Task requirements.
An exact restatement of the data below, with the pictures removed, is the required answer.

Data extract.

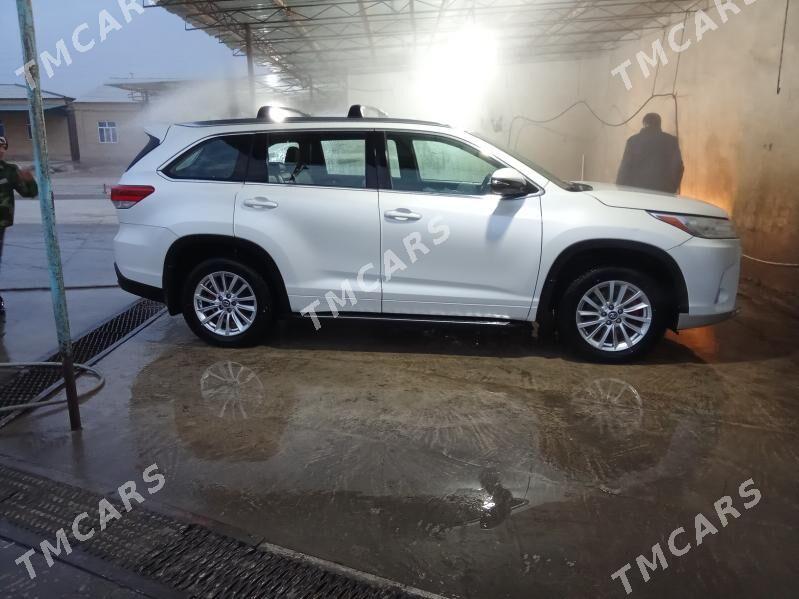 Toyota Highlander 2017 - 435 000 TMT - Farap - img 5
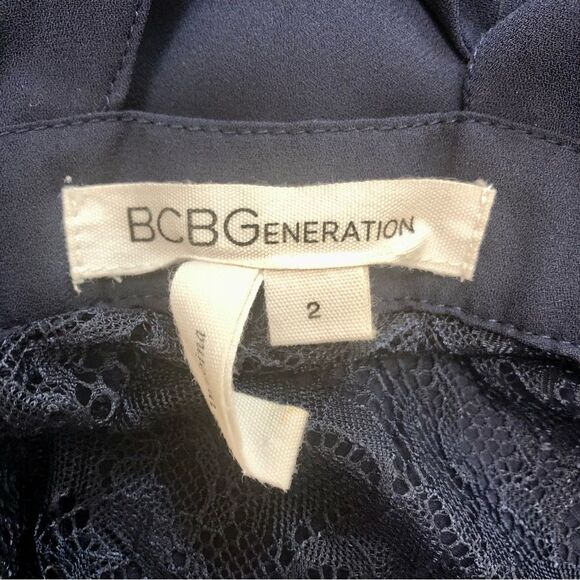 BCBG Generation navy blue layered lace back cocktail dress woman’s size 2 - Picture 3 of 11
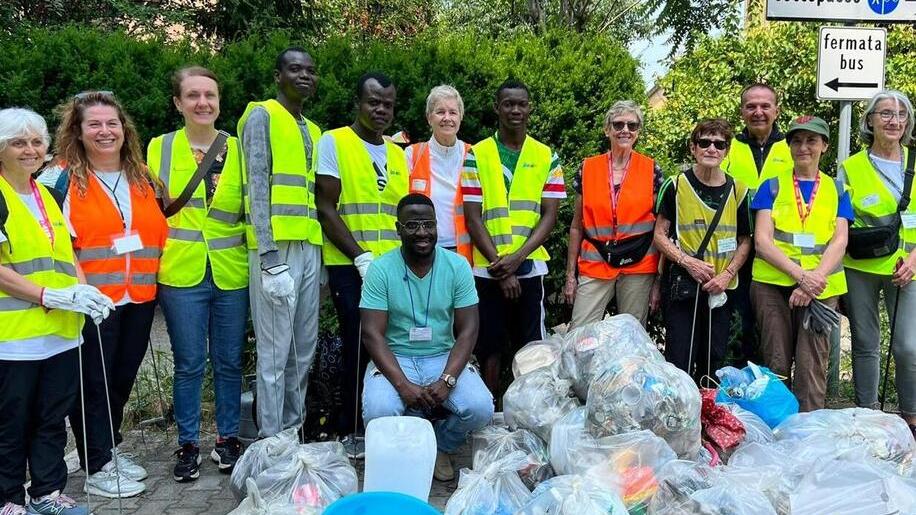 Modena Alle Costellazioni volontari e migranti raccolgono i rifiuti: «Ci sentiamo utili» 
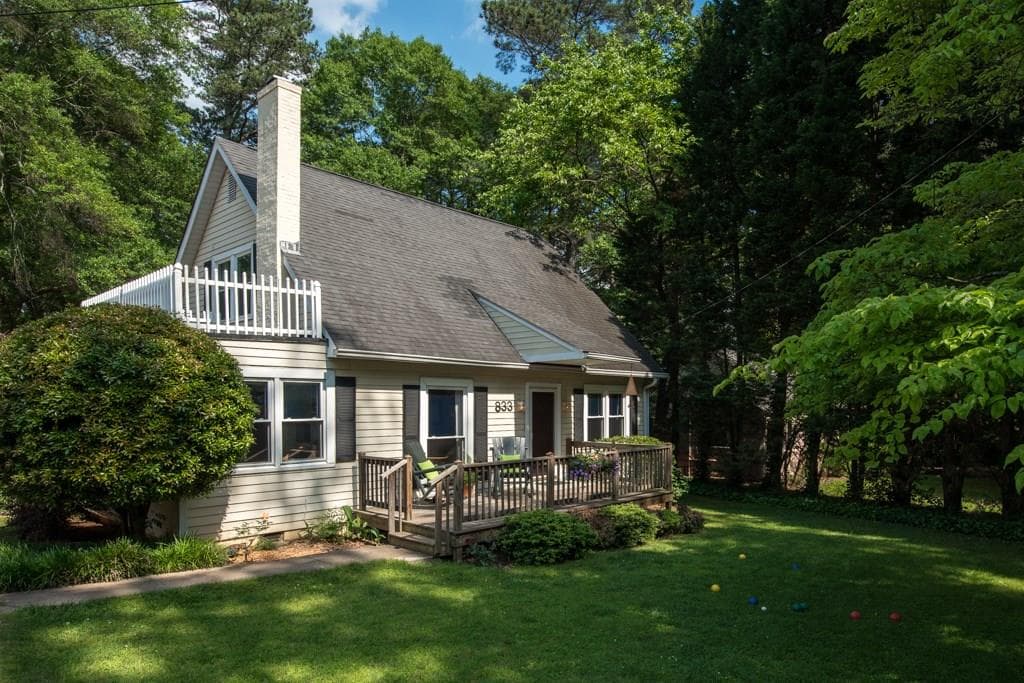 833 Sycamore Drive, Decatur, GA 30030 — most recent listing photo
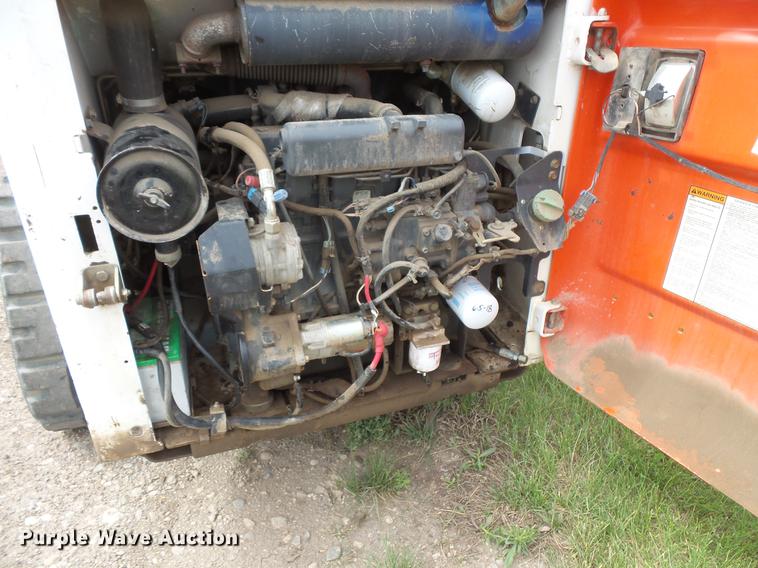 image for item DV9323 2004 Bobcat T190 skid steer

Exercise solution.
 Toyota Highlander 2017 - 435 000 TMT - Farap - img 5
 BCBG Generation navy blue layered lace back cocktail dress woman’s size 2 - Picture 3 of 11
 Modena Alle Costellazioni volontari e migranti raccolgono i rifiuti: «Ci sentiamo utili» 
 833 Sycamore Drive, Decatur, GA 30030 — most recent listing photo
 image for item DV9323 2004 Bobcat T190 skid steer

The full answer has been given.